There are a few. First of all, I wrote the poem phonetically ignoring the five Chinese tones. Like many languages, Chinese uses intonation phonetically -- an 'i' with a rising tone is different from an 'i' with a falling tone. Writing a tonal language without tones is like writing English without vowels -- much harder to read. Similarly, the phonetic writing above does not have any breaks between words, making it much harder to read (imaginewritingEnglishwithoutspacesbetweenwords). True, written Chinese doesn't mark word boundaries, but then it has all the extra information encoded in the characters to help with any ambiguity.

Second, this poem uses very archaic Chinese (different vocabulary and different grammar than modern Mandarin). It's not clear how many people would understand the poem spoken aloud. Wikipedia gives a nice translation of the poem into modern Mandarin, which involves many different sounds, not just 'shi'.

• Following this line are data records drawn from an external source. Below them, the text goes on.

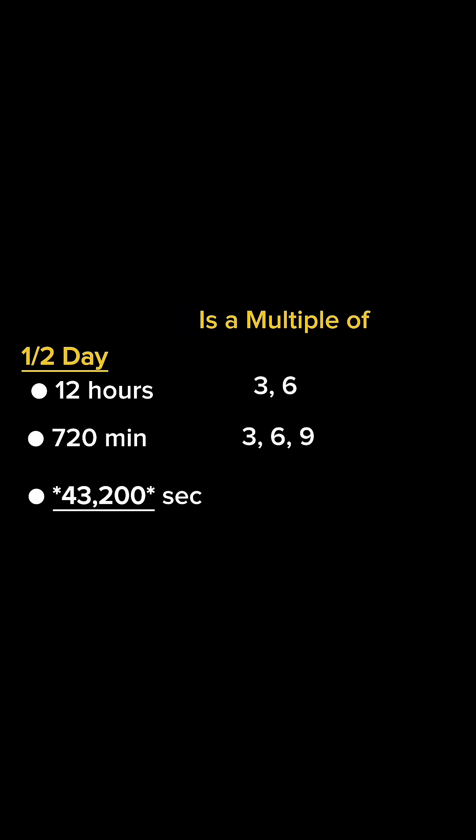There's 43,200 seconds in half a day, which is also a multiple of 3, 6, and 9. Now keep this number 43,200 in your mind as it will come up in some strange places later on.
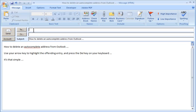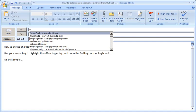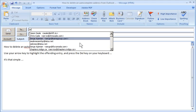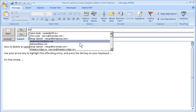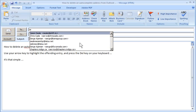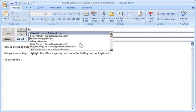If you're in your To field and start typing something out, you'll see your autocomplete list appear. What you can do is use your up and down arrow keys to select the entry you want to delete, and then simply hit the delete key on your keyboard.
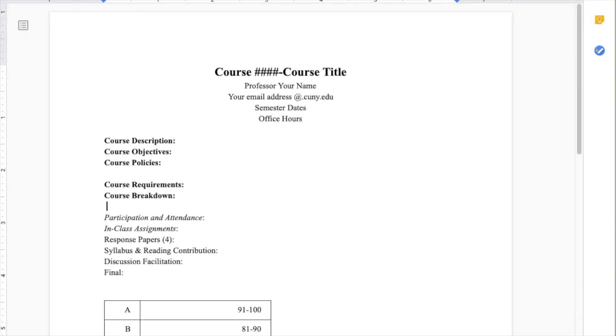First, you'd want to gather anything you need in an empty doc and organize it. For the purpose of this video, I will use a syllabus from a summer course I taught at CUNY.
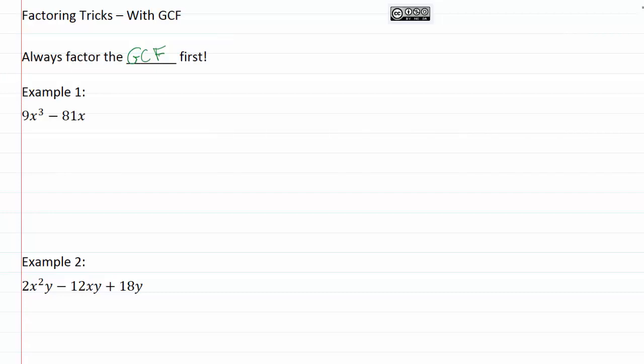So let's take a look at some examples of how to use a GCF in addition to these other tricks that we've been using. So our example one is 9x³ - 81x.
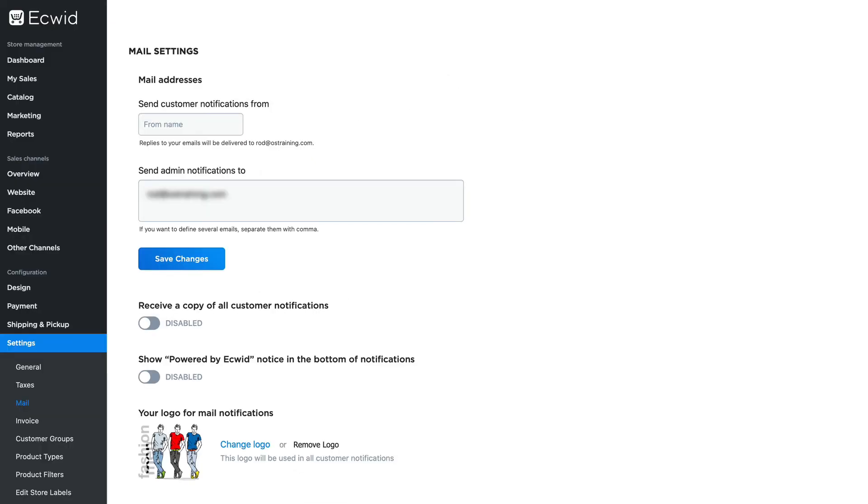And so updating the mail settings for your Ecwid store just takes a few moments and really personalizes your communications with your customers.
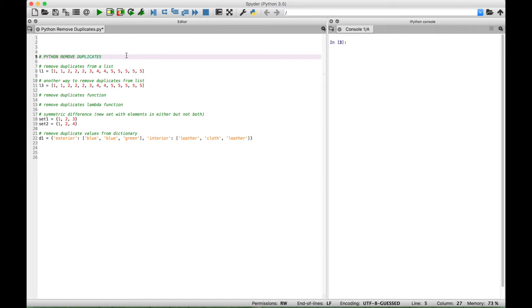Hello everybody. In this Python tutorial, we're going to go over a few different ways that you can remove duplicates from your data.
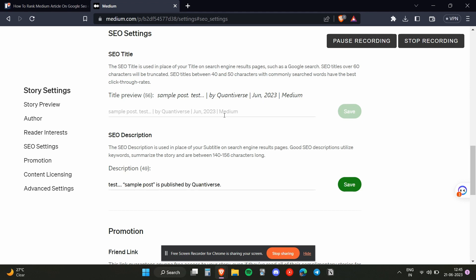So basically that's how search engine optimization works. You need to choose the specific words that are most searched on Google and you need to post those.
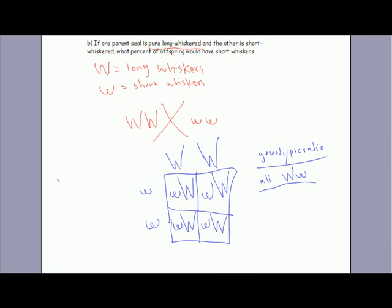And let's go to the phenotypic ratio. What do they all look like? They all have long whiskers.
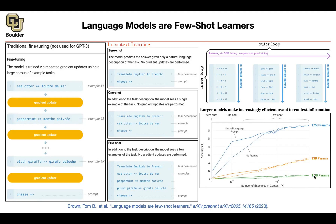GPT-2 had 1.3 billion parameters, and we saw that it wasn't beating the state of the art - it was impressive but not state of the art. The idea of this paper is: what if you scale things, give it a lot of data, and throw at it a lot of compute and parameters? As you go to 13 billion parameters and keep showing more examples, or 175 billion parameters going from zero-shot to one-shot or few-shot, you see much better accuracy and the model starts to scale.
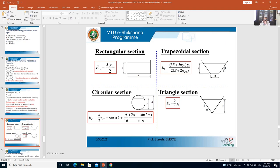A summary of E minimum equations is provided for rectangular, trapezoidal, circular, and triangular sections. When solving problems, these formulae serve as a ready reference. We have equations for critical depth, critical velocity, and minimum specific energy for rectangular channels, and then for non-rectangular channels.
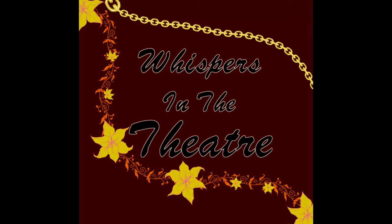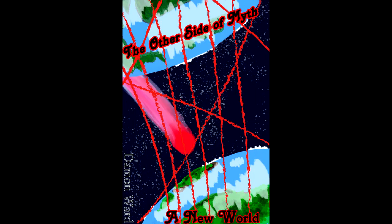Hello, welcome once again to Whispers in the Theater. I'm your host, the Whispering Gardener Shoe. Here to continue our exciting tale, The Other Side of Myth, Chapter 17, Theatrical Break.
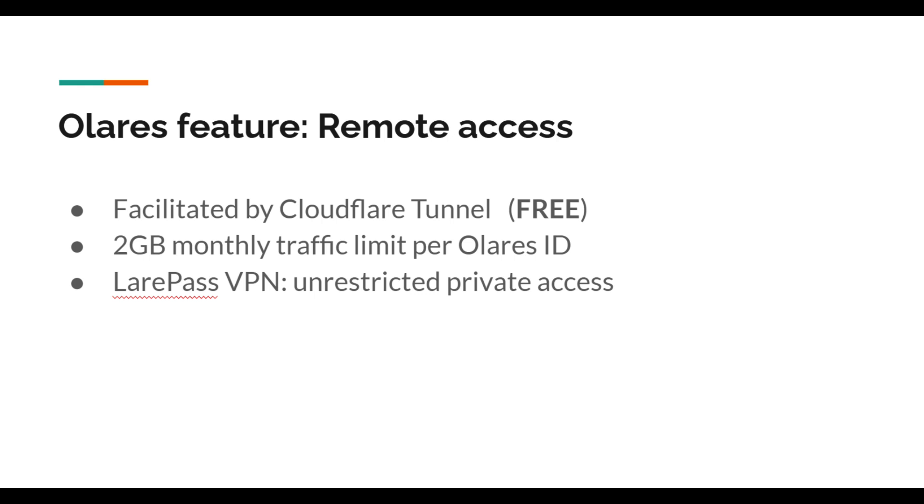For this remote access, please keep in mind that it uses the Cloudflare tunnel, which has a limit of two gigabytes monthly traffic limit. You can also enable the VPN, which allows unrestricted private access.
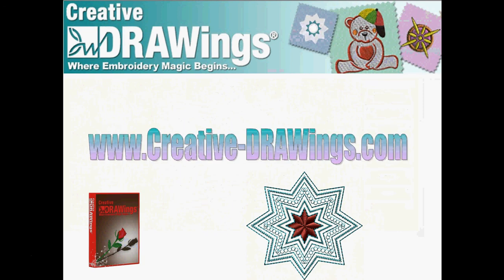It's easy with Creative Drawings Version 5. Visit www.creative-drawings.com for more information.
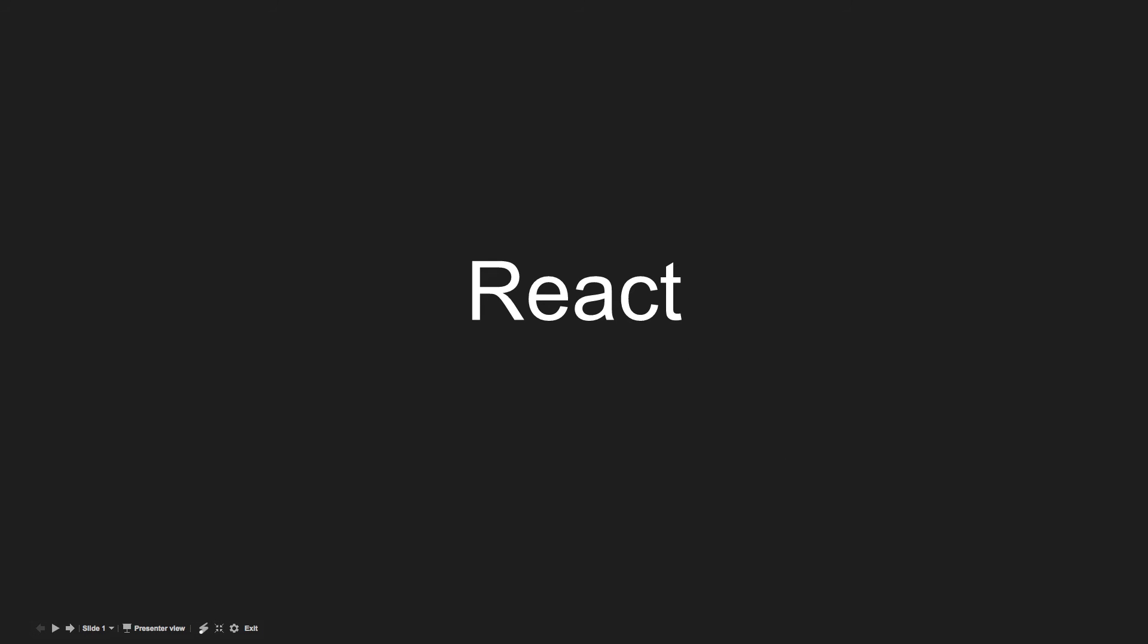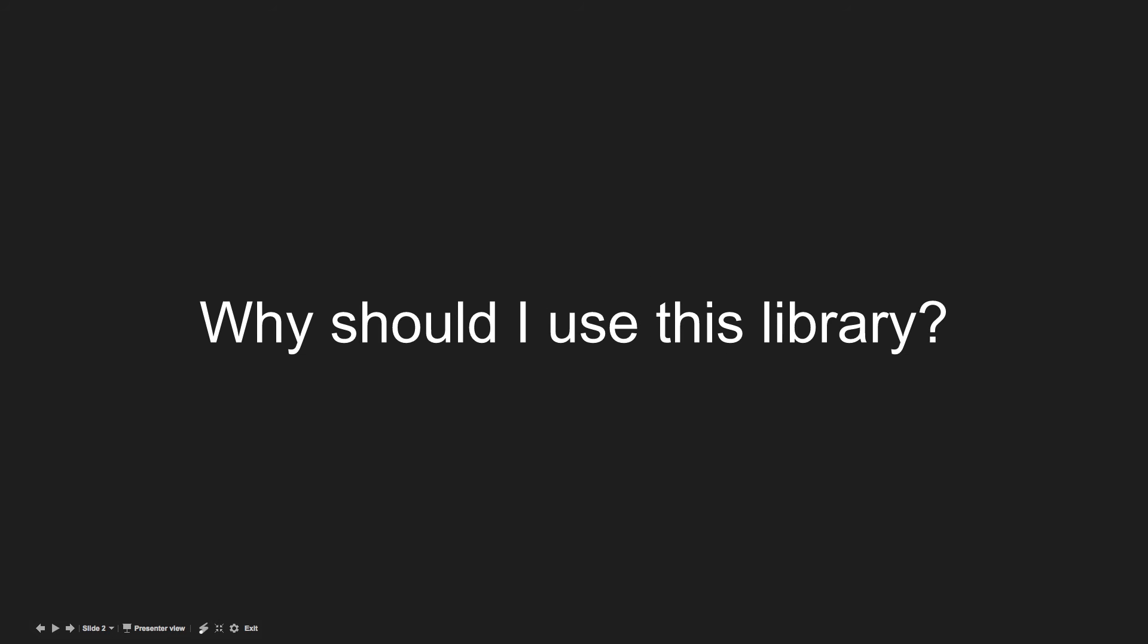All right, so today we're going to learn a little bit about React. Basically I think the first question to ask about React is, why should I use this library?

The most important problem is that there actually is a perfectly good phonetic system for writing Chinese. Actually, there are several, but the most common is pinyin. People can and do write entire texts in pinyin.

Why care? 

Why go to the effort of debunking this myth? This often comes up in arguments over whether the Chinese should adopt a new writing system, but that's not really my concern. Very often, there is a tendency to believe that different cultures and languages are much more different from one another than they are. One hears about strange aspects of other languages without even pausing to think about the fact that your own language has many of those same features. The writing systems of English and Chinese are actually alike in many ways (both are partially phonetic and partially semantic -- a topic for a different post). I can only speak for myself, but the more I learn about a given language, usually the less foreign it seems. Which is a fact worth thinking about.